→ Collected material:
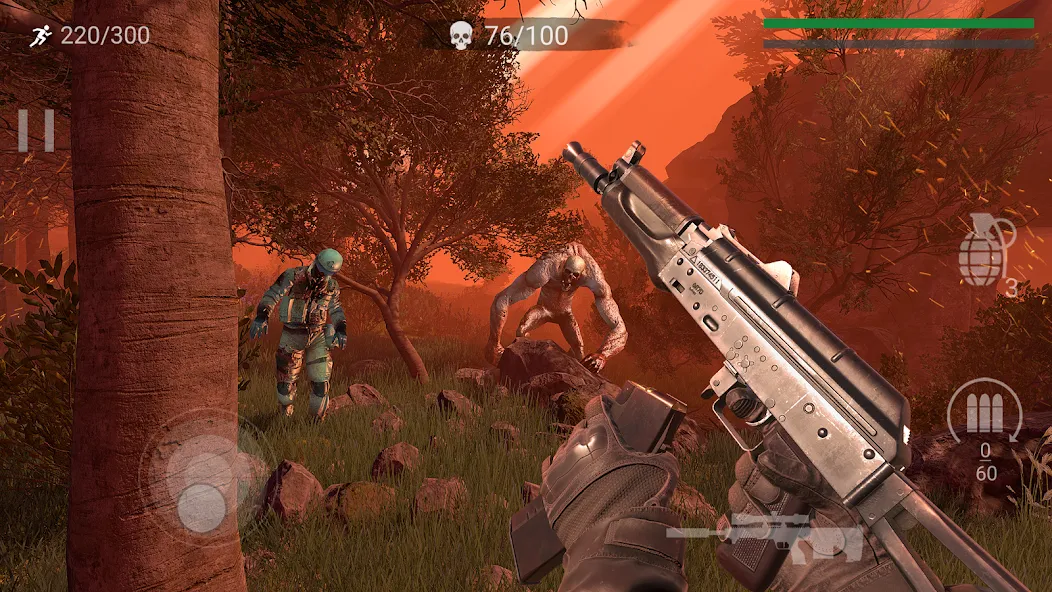 Скачать взлом Zombeast: FPS Zombie Shooter — Безлимитные патроны и мощное оружие — скриншот 5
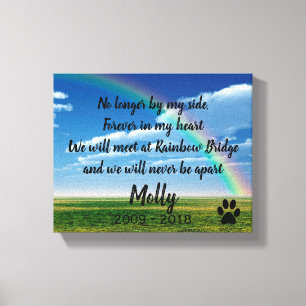 Lienzo Puente del arco iris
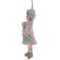 Изделие декоративное подвесное "Девочка/Mальчик", L5 W3 H11 см, 4в.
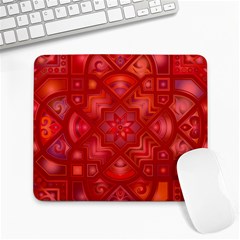 Geometric Line Art Background Large Mousepads by Nexatart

→ Work instruction: Where the data contains an image, skip the image and copy everything else exactly as it appears.

→ Response for this exercise:
 Скачать взлом Zombeast: FPS Zombie Shooter — Безлимитные патроны и мощное оружие — скриншот 5
 Lienzo Puente del arco iris
 Изделие декоративное подвесное "Девочка/Mальчик", L5 W3 H11 см, 4в.
 Geometric Line Art Background Large Mousepads by Nexatart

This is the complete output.